A useful inventory count process gives management and the accountant a clear bridge between physical reality and the books.
Prepare before the count
Preparation decides the quality of the count. Before the counting day:
- freeze or control movements during the count;
- clean item codes and units of measure;
- identify warehouses and zones;
- print or export count sheets;
- separate damaged, expired or blocked items;
- assign teams and reviewers;
- define how differences will be approved.
The count should not start while receipts, deliveries and transfers are still moving without control.
Count by zone and responsibility
Each team should count a defined zone. A second person should review high-value or sensitive items. The count sheet should identify the item, location, counted quantity, unit, count date and person responsible.

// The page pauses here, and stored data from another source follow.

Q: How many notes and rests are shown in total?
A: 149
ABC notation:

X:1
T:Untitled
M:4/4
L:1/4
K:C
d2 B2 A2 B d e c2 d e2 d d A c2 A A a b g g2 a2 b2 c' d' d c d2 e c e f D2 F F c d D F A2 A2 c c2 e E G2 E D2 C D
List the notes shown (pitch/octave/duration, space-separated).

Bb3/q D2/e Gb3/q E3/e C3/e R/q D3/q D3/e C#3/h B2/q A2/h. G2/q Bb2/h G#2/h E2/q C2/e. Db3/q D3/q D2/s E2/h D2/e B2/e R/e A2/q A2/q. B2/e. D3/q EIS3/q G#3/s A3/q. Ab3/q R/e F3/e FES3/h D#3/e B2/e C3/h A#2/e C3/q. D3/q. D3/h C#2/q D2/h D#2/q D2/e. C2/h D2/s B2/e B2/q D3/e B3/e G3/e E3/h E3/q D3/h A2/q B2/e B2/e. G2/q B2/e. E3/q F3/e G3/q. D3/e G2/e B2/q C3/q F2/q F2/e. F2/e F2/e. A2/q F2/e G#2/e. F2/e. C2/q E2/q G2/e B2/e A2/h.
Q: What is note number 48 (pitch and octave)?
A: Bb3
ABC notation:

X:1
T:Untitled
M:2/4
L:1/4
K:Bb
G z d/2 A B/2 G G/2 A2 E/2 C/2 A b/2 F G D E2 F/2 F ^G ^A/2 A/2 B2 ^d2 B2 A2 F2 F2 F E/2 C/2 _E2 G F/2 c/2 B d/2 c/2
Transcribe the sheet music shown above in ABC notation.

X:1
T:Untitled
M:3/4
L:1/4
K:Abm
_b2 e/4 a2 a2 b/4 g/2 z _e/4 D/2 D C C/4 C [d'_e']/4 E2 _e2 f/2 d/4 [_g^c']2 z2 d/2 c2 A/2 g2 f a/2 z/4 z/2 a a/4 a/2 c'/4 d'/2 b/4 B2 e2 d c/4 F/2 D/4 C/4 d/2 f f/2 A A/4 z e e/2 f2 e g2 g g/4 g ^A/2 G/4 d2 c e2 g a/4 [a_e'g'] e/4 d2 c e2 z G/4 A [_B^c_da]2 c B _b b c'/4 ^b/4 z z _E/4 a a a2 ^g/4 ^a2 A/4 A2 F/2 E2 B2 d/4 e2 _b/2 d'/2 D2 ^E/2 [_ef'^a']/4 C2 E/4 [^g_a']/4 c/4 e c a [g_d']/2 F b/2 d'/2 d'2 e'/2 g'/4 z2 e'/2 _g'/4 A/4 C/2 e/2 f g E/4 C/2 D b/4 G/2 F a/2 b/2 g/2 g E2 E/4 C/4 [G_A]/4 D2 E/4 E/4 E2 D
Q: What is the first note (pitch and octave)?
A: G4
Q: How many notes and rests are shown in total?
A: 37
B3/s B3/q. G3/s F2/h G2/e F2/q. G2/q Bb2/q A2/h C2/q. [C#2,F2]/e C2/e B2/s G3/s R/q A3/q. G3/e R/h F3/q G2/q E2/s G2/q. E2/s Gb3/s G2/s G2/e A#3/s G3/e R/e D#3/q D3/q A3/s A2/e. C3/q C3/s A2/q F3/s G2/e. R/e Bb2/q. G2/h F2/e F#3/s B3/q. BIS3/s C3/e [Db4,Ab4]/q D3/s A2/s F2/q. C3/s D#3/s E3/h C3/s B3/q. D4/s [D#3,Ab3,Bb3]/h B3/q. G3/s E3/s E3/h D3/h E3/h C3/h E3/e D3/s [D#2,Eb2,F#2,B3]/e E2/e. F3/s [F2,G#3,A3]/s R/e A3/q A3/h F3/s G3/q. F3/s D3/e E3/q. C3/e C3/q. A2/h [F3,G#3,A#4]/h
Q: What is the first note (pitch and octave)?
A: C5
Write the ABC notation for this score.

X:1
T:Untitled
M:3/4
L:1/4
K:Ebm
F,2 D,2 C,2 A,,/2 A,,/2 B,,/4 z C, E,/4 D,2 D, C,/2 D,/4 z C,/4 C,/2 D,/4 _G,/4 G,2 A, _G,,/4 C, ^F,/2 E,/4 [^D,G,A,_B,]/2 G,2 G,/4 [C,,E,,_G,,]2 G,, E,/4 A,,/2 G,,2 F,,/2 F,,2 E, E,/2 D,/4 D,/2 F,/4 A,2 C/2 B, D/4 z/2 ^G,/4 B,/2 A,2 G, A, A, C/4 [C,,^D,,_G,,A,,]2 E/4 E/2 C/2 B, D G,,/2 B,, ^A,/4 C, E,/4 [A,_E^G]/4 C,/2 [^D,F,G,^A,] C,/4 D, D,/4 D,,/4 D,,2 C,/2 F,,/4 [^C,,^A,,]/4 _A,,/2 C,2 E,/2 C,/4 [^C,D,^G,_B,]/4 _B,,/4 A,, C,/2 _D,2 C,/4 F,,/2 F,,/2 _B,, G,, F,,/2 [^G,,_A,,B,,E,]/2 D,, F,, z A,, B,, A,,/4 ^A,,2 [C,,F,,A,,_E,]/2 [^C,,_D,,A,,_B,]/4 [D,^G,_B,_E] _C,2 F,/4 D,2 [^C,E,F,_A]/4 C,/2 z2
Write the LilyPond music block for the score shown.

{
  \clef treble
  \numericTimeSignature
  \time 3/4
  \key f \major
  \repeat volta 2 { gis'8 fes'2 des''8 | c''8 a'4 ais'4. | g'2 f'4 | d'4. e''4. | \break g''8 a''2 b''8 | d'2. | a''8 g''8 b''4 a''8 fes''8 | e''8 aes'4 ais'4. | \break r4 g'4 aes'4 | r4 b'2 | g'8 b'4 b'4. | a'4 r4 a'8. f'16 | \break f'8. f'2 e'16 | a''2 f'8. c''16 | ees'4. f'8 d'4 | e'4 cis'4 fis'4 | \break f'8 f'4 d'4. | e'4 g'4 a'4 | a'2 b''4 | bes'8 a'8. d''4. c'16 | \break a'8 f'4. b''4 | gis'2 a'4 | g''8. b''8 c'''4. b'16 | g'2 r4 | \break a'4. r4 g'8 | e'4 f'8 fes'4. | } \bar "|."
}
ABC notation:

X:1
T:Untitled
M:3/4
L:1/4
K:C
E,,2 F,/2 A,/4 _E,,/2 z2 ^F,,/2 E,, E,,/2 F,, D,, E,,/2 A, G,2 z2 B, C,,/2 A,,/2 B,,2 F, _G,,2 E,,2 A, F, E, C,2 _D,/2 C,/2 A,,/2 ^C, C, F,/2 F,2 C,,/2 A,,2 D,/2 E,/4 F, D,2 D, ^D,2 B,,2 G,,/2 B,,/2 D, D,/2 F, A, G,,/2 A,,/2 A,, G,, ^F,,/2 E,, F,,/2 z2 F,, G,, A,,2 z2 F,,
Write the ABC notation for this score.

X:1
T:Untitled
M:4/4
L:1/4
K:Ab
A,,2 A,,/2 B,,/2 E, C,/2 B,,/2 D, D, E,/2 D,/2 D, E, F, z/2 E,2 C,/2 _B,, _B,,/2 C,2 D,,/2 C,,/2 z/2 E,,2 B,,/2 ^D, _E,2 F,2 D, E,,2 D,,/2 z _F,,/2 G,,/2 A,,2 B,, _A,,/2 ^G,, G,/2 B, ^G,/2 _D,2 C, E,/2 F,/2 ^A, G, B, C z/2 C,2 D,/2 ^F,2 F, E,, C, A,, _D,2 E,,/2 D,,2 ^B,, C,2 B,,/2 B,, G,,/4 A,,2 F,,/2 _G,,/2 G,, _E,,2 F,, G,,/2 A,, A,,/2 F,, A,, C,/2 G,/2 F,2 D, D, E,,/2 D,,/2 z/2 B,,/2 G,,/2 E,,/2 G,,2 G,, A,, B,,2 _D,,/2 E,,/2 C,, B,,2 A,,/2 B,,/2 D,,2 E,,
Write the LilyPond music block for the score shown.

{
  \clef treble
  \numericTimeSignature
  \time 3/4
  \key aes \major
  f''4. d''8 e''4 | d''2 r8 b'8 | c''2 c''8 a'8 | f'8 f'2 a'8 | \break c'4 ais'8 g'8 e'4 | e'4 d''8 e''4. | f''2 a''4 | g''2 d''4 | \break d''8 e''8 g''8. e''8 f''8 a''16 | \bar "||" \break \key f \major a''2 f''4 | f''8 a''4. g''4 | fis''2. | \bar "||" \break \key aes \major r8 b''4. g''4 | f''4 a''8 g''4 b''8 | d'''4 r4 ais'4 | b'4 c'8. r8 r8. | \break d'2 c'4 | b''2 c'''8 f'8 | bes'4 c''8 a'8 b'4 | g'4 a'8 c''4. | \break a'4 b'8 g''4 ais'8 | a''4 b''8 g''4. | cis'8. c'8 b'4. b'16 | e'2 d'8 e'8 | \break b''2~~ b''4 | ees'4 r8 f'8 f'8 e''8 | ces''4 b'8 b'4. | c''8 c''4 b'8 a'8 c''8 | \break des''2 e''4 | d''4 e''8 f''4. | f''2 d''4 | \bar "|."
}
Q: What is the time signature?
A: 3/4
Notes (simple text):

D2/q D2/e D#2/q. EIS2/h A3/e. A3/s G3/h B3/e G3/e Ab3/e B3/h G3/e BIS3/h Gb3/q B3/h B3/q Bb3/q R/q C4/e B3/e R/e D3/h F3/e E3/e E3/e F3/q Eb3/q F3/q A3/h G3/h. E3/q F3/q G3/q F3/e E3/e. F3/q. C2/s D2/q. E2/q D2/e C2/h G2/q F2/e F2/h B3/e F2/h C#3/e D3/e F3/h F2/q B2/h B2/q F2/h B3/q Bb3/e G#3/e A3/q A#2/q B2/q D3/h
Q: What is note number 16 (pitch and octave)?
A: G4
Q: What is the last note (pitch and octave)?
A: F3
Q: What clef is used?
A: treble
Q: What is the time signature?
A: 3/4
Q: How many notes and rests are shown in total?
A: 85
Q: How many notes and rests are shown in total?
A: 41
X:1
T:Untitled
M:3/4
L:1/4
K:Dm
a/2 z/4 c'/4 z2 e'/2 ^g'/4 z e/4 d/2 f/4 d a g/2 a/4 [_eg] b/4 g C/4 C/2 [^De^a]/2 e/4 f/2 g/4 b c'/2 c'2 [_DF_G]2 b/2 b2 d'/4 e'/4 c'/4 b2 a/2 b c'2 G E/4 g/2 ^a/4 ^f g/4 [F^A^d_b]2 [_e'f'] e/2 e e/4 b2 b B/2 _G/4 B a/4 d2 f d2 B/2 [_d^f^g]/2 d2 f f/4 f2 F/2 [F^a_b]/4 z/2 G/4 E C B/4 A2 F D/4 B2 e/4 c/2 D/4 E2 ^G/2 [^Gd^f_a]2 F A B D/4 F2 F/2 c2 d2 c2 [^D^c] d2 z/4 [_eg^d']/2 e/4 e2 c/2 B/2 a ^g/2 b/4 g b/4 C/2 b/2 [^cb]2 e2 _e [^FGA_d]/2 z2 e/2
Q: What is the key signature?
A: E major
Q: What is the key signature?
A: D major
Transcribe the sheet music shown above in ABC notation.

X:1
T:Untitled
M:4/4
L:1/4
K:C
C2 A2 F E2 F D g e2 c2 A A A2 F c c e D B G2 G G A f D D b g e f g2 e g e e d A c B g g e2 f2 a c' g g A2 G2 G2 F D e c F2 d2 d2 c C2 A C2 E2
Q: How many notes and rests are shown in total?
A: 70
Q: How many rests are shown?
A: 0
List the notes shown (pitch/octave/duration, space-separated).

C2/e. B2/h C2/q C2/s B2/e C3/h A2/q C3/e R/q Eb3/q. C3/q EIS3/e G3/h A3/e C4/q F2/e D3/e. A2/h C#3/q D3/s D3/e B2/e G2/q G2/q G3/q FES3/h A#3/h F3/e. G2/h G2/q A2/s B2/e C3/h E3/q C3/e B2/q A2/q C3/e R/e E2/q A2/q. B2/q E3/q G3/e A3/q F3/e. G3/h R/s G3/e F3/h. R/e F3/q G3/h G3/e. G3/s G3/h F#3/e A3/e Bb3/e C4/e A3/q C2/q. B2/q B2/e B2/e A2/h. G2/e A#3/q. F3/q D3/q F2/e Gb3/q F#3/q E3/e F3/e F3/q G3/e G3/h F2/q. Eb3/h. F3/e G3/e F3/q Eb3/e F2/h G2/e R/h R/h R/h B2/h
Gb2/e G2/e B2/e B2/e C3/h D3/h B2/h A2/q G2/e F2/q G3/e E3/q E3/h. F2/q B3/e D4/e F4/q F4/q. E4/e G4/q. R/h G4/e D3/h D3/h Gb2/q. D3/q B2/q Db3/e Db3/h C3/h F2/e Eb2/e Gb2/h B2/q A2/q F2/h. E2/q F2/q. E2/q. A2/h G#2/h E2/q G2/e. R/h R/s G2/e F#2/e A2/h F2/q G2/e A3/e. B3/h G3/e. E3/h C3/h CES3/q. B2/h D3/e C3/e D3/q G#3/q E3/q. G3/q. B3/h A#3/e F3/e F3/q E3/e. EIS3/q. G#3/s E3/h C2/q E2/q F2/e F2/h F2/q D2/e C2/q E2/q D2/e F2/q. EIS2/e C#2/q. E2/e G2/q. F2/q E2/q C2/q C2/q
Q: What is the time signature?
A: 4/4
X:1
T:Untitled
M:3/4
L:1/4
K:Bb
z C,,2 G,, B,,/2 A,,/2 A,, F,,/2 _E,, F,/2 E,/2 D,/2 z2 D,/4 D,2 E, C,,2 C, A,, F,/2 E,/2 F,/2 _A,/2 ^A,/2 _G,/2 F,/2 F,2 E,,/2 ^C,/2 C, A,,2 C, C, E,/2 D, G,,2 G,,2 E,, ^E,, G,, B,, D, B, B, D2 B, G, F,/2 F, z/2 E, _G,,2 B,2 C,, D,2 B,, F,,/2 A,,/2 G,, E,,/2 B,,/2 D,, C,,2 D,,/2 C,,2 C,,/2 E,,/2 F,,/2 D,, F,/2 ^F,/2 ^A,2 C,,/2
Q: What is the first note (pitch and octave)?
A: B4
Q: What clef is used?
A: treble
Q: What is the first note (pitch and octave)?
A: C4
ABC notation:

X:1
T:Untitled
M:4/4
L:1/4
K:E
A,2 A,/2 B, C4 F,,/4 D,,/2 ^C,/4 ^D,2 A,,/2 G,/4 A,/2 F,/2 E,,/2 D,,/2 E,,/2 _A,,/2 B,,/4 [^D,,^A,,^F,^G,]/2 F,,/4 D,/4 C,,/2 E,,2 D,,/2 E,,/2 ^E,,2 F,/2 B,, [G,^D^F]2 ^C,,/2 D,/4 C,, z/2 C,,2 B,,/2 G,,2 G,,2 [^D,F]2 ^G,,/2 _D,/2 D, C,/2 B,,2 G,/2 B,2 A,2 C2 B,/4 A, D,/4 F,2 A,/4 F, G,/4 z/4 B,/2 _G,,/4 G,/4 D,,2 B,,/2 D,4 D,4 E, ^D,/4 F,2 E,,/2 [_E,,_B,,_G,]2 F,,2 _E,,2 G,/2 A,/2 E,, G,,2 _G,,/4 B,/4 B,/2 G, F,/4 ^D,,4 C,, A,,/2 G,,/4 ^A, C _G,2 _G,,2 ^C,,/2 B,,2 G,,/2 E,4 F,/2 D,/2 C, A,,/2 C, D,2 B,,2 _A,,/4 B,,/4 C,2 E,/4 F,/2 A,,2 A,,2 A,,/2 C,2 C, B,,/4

For products with lots, expiry dates or serial numbers, quantity alone is not enough. The count must preserve traceability.
Analyze differences before posting adjustments
Differences should be reviewed before validation. Common explanations include:
- receipt entered in the wrong warehouse;
- delivery made but not posted;
- wrong unit conversion;
- item created twice;
- customer return not recorded;
- supplier return not updated;
- breakage or expiry not documented.
Posting a global adjustment without cause may make the quantity look correct, but it does not fix the process.
Review value, not only quantity
A count confirms quantities. It does not automatically confirm value. After the count, review zero-cost items, abnormal costs, obsolete stock and damaged products. Then connect the count to stock valuation.
This is important for SCF reporting, margin analysis and year-end closing.
What DZ Compta should keep
DZ Compta should keep the counted quantity, old system quantity, difference, adjustment reason, validation user and date. This history helps the next inventory because the team can see which items regularly create differences.
Official reference
FAQ
Should all items be counted at the same time?
Not always. A full annual count can be combined with cycle counts for high-value or fast-moving products.
Can the warehouse correct quantities directly?
Corrections should require a reason and validation. Otherwise the company loses the explanation behind the difference.
Evidence to keep
A physical inventory is successful when the company can explain the gap, correct the cause and keep a clear audit trail, not only when the final quantity looks clean.